Unfair Dismissals: the Employees right to be heard
In this article Ellie Forsyth looks at the case of London Borough of Hammersmith and Fulham v Keable.
If an employee is not given the opportunity to respond to any specific allegation relied upon in a disciplinary hearing, will the dismissal be deemed unfair? In short, yes, as clarified in a recent decision by the Employment Appeal Tribunal.
In the case of London Borough of Hammersmith and Fulham v Keable, the Claimant worked for the Council as a Public Protection and Safety Officer. Prior to the incident that is set out below, the Claimant was deemed to be ‘good at his job’ and had a clean disciplinary record.
The Claimant described himself as an ‘anti-Zionist’ and was very politically active. On 26th March 2018, the Claimant attended a rally organised by Jewish Voice for Labour. This was in his personal capacity and not as part of his role within the Council. During the rally, the Claimant had an exchange of words with a counter-demonstrator, part of which was filmed and it was subsequently circulated on social media without the Claimant’s knowledge or consent. He was identified as a Council employee and disciplinary proceedings ensued, the outcome of which was the Claimant’s dismissal.
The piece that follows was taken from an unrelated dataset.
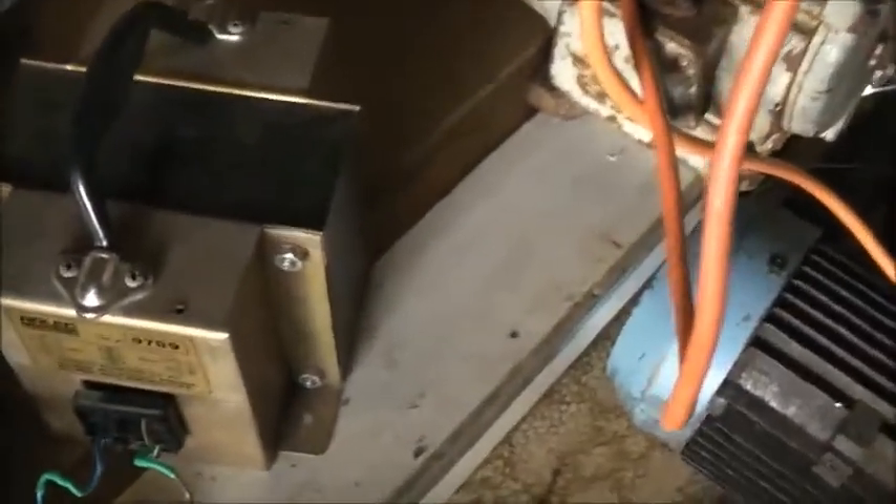But if you pull the cord in it, it will crack it. So I'm going to pull that off, get an IEC socket to fit in there, and it will be all perfect.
All employees of the Council are expected to abide by its Code of Conduct. Relevant to this case is the provision relating to politically restricted posts. It states:
‘the effect of including a local authority employee on the list of politically restricted posts it to prevent that individual from having any active political role either in or outside the workplace.’
However, it was agreed by both parties that the Claimant was not in a politically restricted post, and therefore was able to be politically active with all that entailed.
When the case came before the Employment Tribunal, the decision ruled in the Claimant’s favour and it was held that the dismissal was unfair. This was on the basis that the Claimant had not been given the opportunity to comment on the allegations relied upon for the dismissal (namely what the average person would think of the remarks made by the Claimant). He had not been sent the disciplinary notes until the date of his hearing, he did not put the specific allegations of misconduct to the claimant (the offensive remarks) and the Claimant did not have the opportunity to point out that the individual and national newspapers had not considered those remarks to be offensive. Whilst it was for the employer to determine misconduct, the judge did not believe that it fell within the band of reasonable responses, noting that the ACAS Code of Conduct advises that normal sanction for a first offence is a warning. A reinstatement order was made.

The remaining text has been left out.